[Defend] Map Elastic Defend events directly to MITRE ATT&CK

[nicpenning]

Today many EDRs will tag or map an event to MITRE when possible, not just alerts. A basic example of such mapping can be found here (https://github.com/olafhartong/sysmon-modular/blob/master/1_process_creation/include_bitsadmin.xml, https://github.com/olafhartong/sysmon-modular?tab=readme-ov-file#mitre-attack) at a community Sysmon repository where it does this very well. Elastic does not do this with the events and I think it should. An alert for every mitre technique doesn't make much sense, it should live at the event level of possible.

[brokensound77]

Hey @nicpenning, it is definitely an interesting idea and one that we have discussed several times internally. At this time, based on the structure of the events and concerns around event volume, I don't think that it would make sense to do it as a built in feature.
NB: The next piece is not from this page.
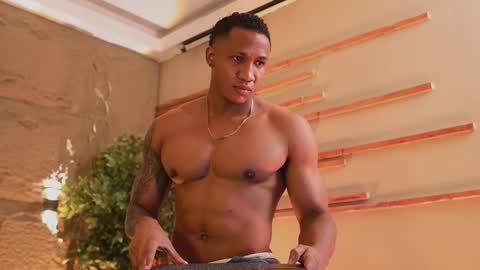 Snapshot of logan_varela chatting on November 9, 2025, 12:42 am logan_varela online show from November 9, 2025, 12:42 am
However, one way to achieve this in a similar fashion would be to leverage an enrich process within an ingest pipeline. Then you could either add it the existing pipeline for Defend or even leverage the reindex API for more granular control (say when ingest volumes are lower).
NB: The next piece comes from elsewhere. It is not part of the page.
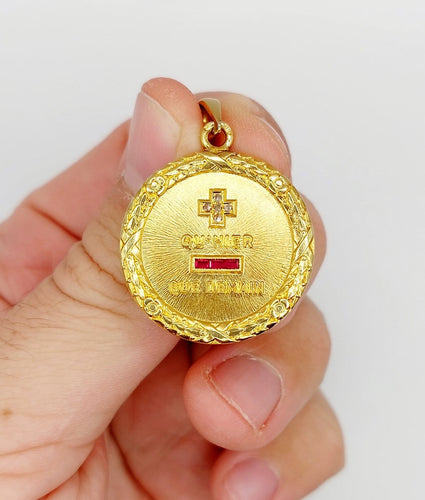 Pendentif Augis - Pendentif médaille d’amour 27 mm en or 18k, diamant et rubis 58 Facettes A08039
I like the idea of having a community-maintained policy defining the criteria for enriching around ATT&CK. I will pass the idea along to see if there is any interest for starting this, otherwise if you want to give it a start, we can help share it.

[nicpenning]

Sounds great - I was thinking about this as an ingest pipeline to do the enrichments for specific event data, just not sure how workable that is over time. Perhaps this could be a Mitre ATT&CK Elastic Integration for Ingest Pipeline / Dashboards and a guide to create and use an enrich policy that provides both seeing the framework out of the box and searchable but then enrich directly to it when certain criteria match for registry/process/etc events. There is many ways this can be accomplished. I will think about this and see what we can come up with.